首 (original) (raw)

☆☆☆★

いろいろと、見た人の反応はなんとなくネットで見聞していたので、とくに北野映画好きでもない私は、リアル方向でも、ノワール方向でも、期待せずに観た。時代劇が廃れて以降の日本映画の中では、頑張っているほうでしょ? というのが端的な感想。
ファーストカットでは、水辺に倒れている屍体の、切られた首の断面から、二匹のサワガニが出てくる。これは、今まで誰もやらなかった、ハードな時代劇が観られるかと期待したか、いかなた北野映画でも、戦国武将どうしの、一万人規模の合戦すら全貌を描けない(予算がない)のが残念。
要は『戦国アウトレイジ』で、それ以上でもそれ以下でもないかも。
安土桃山時代を、秀吉の視点から描くなら、信長は避けて通れない。だが、本作の信長は、単なる暴虐なキチガイで、一時代前のヤクザ映画の敵役によくあるような、あまりにも薄っぺらい。こんなバカが何故天下統一手前まで版図を広げられたのか、全くわからない(´Д`)
雨月物語』ではないが、庶民側の主役が、木村裕一演じる曽呂利新左衛門。話芸ひとつで、隠密として取り立てられるのだが、その面接で披露した小噺がぜんぜん面白くないのはどういうわけ?? たぶんたけしなら、テレビのオーディションを含めて、プライベートでも、そういう場面は嫌というほど体験してるであらうのに。もしかしたら、芸人としては面白くないけど、隠密としては使えると判断した??

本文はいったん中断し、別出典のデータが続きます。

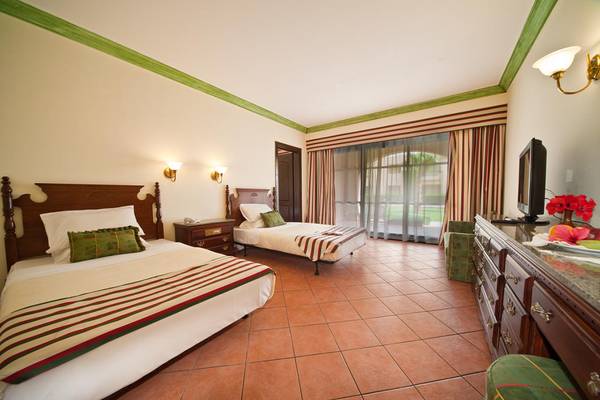 Zweibettzimmer im Ali Baba Palace mit zwei Betten, Fernseher, und Dekor.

中国で水責めをした相手の武将を切腹させる時に「まだやってんのかよ」とか、ツッコミを入れるところは、本作のアンチ時代劇的な、芸人が作る映画ならではの演出。曽呂利新左衛門をたけしが演じて、全編こういうノリにしたほうが絶対面白くなったのになぁ……。欲を掻いてハードな時代劇もやろうとしたのが失敗かな。
家康の影武者が殺されたら次から次にストックの影武者に交代するところも、天丼ギャグのつもりだろうが、逆に繰り返せば繰り返すほどオモロなくなっていく(´Д`)
観たかったのは、冒頭のサワガニのシーンから期待したのは、要するに塚本晋也版『野火』のような時代劇だったんだなぁと思った。
まあ、『その男……』『ソナチネ』なんかよりも、時代劇という枠の中に入っているので、わかりやすいのはいいけど。